ANOTHER QUIET MORNING IN THE HOUSE OF MEMORIES. I HAVE LEARNED TO LOVE IT HERE. —
I open my eyes with a grunt, seeing yet again that I’ve somehow managed to roll over to your side, arms wrapped around a pillow that feels nothing like you. No warmth. No sleepy grin. No groans of protest as I press slow, careful morning kisses against your skin. Mind fuzzy from dreams of the past, I slip out of bed, feet leading me to the kitchen before I can tell myself otherwise. Melancholy sips black coffee with me yet again this morning, reminding me that this will be yet another day without you by my side. It’s alright, though. I don’t mind it. I could use the company.

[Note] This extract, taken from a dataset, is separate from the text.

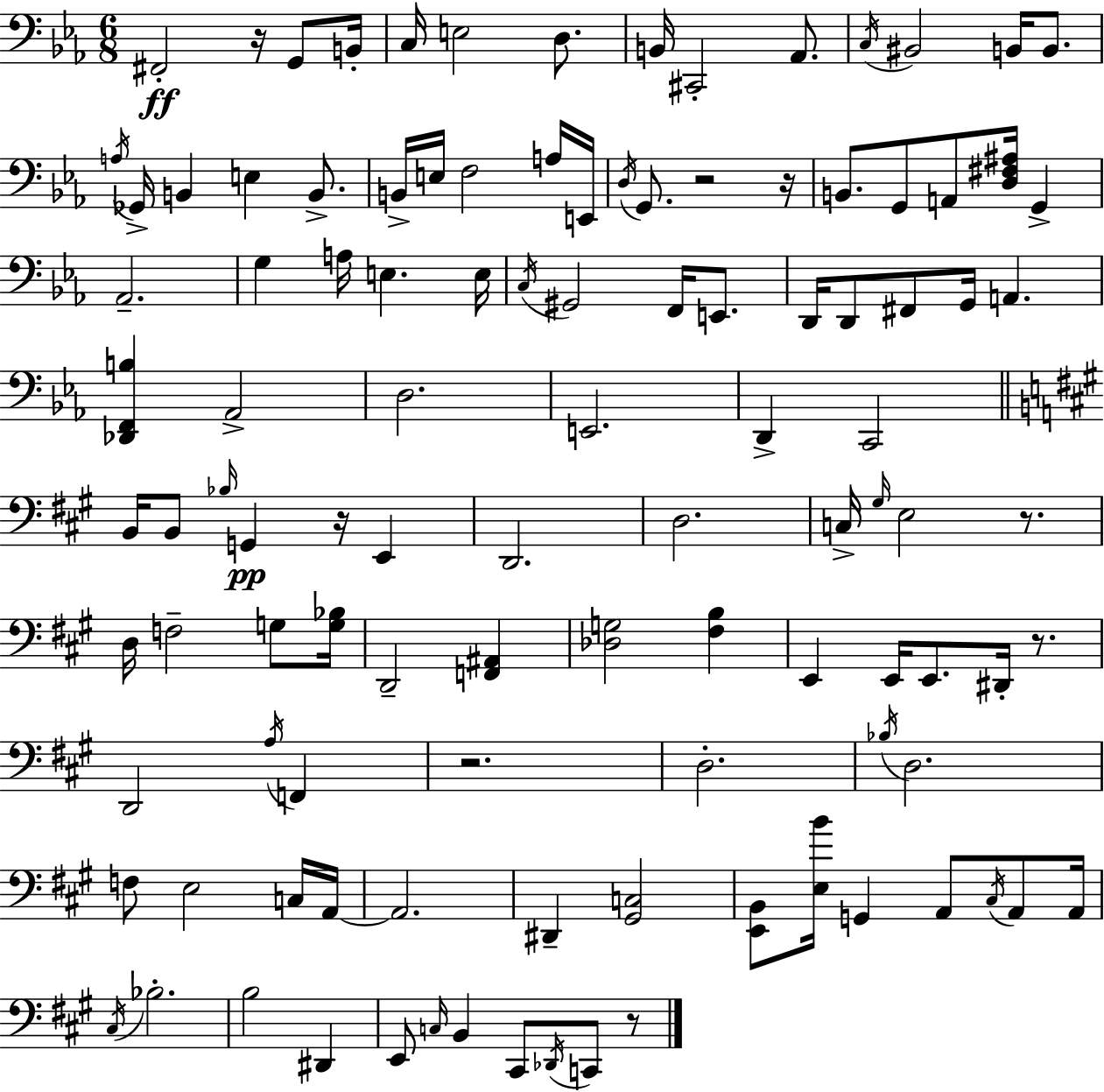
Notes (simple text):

F#2/h R/s G2/e B2/s C3/s E3/h D3/e. B2/s C#2/h Ab2/e. C3/s BIS2/h B2/s B2/e. A3/s Gb2/s B2/q E3/q B2/e. B2/s E3/s F3/h A3/s E2/s D3/s G2/e. R/h R/s B2/e. G2/e A2/e [D3,F#3,A#3]/s G2/q Ab2/h. G3/q A3/s E3/q. E3/s C3/s G#2/h F2/s E2/e. D2/s D2/e F#2/e G2/s A2/q. [Db2,F2,B3]/q Ab2/h D3/h. E2/h. D2/q C2/h B2/s B2/e Bb3/s G2/q R/s E2/q D2/h. D3/h. C3/s G#3/s E3/h R/e. D3/s F3/h G3/e [G3,Bb3]/s D2/h [F2,A#2]/q [Db3,G3]/h [F#3,B3]/q E2/q E2/s E2/e. D#2/s R/e. D2/h A3/s F2/q R/h. D3/h. Bb3/s D3/h. F3/e E3/h C3/s A2/s A2/h. D#2/q [G#2,C3]/h [E2,B2]/e [E3,B4]/s G2/q A2/e C#3/s A2/e A2/s C#3/s Bb3/h. B3/h D#2/q E2/e C3/s B2/q C#2/e Db2/s C2/e R/e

Finishing the mug, I am soon to walk to the porch, the first, weak rays of sunlight filtering through the trees and against my skin. Before I know what has happened, anger is gripping my shoulder, muttering in my ear about how you left in such a hurry, that you barely said goodbye. The mug shatters to the ground, and I am breathless. With a sigh, the broken pieces are collected, no matter how scattered they are. I wish I could do that with pieces of myself. Eyes closing, I let out a breath I didn’t know I was holding. One more moment. One more hour. One more day. If I wait long enough, maybe you’ll come back. —
I KNOW I SHOULD COME TO TERMS WITH THE FACT THAT YOU WILL NEVER ENTER MY DOOR AGAIN, BUT SOMETIMES I JUST CANNOT HELP MYSELF. I DROWN IN THE SWEETNESS OF YOUR MEMORY WHENEVER I CAN, LETTING IT INTOXICATE ME JUST AS BAD AS WHISKEY. NUMBNESS TUGS AT MY HEART AND I KNOW IT IS TIME TO LET YOU GO. MAYBE ANOTHER DAY.